Each iommu has multiple domains, where each domain represents an
address space. PCIexpress endpoints can be located on its own domain
for addr protection reasons, and also have its own tag for iotlb cache.
each addr space can be either a 3 or 4 level. So it would be hard to predict
how much to setup ahead of time for each domain/device.
Its not a simple single level table with a small window like the gart case.
Just keeping a pool of page sized pages its easy to respond and use where its
really necessary without having to lock pages down without knowing real demand.
The addr space is plenty, so growing on demand is the best use of memory
available.
> If you make the start value large enough (256+MB?) that might reasonably
> work.
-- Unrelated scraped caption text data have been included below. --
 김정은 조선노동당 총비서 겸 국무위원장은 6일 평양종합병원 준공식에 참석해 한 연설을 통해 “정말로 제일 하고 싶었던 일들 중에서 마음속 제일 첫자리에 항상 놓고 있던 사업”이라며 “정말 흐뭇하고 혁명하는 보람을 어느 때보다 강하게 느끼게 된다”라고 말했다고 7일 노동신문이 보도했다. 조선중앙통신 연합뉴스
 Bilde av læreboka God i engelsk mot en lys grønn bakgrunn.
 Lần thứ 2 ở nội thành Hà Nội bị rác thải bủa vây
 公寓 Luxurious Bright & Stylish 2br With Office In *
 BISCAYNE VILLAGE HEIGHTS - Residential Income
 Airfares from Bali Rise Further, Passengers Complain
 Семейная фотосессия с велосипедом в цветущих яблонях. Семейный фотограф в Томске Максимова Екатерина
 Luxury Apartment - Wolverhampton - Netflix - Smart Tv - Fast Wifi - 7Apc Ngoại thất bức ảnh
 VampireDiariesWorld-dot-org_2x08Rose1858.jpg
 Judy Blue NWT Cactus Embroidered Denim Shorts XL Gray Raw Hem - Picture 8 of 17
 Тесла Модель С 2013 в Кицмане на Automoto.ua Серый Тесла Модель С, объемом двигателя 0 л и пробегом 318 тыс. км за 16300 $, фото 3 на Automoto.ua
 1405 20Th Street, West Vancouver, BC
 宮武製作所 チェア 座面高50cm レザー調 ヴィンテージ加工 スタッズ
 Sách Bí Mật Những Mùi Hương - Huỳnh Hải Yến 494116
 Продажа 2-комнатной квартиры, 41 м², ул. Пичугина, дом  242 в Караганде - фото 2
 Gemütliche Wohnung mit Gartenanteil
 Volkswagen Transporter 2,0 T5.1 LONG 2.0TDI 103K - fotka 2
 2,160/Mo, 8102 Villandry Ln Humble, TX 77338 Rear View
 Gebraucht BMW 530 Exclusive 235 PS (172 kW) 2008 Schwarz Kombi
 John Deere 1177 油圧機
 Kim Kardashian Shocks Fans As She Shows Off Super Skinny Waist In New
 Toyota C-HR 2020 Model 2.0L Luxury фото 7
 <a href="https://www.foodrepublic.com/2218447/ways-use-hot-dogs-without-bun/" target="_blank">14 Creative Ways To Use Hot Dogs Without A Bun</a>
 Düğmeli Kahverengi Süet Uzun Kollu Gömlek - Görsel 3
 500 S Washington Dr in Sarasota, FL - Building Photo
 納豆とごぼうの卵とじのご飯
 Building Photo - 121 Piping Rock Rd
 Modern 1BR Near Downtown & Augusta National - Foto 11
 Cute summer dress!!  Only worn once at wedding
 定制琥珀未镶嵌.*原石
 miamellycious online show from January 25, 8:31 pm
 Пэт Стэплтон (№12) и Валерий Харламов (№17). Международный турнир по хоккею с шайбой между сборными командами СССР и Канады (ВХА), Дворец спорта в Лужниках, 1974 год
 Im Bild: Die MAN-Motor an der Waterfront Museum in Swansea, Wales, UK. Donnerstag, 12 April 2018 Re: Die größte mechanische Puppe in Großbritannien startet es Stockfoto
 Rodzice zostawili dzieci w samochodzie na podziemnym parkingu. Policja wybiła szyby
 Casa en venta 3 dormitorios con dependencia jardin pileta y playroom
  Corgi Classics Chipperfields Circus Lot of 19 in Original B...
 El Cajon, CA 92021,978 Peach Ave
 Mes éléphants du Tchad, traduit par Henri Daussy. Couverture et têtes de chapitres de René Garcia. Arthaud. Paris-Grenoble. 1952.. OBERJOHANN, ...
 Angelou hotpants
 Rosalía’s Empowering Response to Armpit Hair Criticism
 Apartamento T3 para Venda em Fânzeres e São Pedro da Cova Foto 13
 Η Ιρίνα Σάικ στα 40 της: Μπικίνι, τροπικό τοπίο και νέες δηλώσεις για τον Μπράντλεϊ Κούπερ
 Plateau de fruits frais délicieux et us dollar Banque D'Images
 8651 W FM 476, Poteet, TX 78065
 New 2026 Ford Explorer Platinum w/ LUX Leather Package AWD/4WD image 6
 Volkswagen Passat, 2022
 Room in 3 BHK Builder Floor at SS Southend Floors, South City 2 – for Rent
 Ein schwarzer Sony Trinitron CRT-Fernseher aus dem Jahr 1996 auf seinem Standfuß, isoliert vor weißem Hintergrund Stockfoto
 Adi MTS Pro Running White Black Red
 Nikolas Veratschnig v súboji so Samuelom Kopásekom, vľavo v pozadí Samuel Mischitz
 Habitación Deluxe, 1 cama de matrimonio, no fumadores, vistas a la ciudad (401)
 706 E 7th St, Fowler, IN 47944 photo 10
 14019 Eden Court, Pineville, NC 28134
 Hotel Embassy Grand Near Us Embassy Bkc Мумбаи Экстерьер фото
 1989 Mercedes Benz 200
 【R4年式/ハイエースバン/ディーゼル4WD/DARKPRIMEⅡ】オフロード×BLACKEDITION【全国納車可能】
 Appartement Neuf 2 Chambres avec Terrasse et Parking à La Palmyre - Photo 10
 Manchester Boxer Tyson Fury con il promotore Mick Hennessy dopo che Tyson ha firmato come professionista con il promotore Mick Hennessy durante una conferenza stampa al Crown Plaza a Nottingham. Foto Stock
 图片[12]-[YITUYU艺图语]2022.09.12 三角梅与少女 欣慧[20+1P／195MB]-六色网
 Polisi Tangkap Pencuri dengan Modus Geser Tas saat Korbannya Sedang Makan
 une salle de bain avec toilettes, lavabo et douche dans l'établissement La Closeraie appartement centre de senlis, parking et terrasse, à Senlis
How much memory in page tables would that take? Or perhaps scale
> it with available memory or available devices.
>
> In theory it could also be precomputed from the block/network device queue
> lengths etc.; the trouble is just such checks would need to be added to all kinds of
> other odd subsystems that manage devices too. That would be much more work.
>
> Some investigation how to do sleeping block/network submit would be
> also interesting (e.g. replace the spinlocks there with mutexes and see how
> much it affects performance). For networking you would need to keep
> at least a non sleeping path though because packets can be legally
> submitted from interrupt context. If it works out then sleeping
> interfaces to the IOMMU code could be added.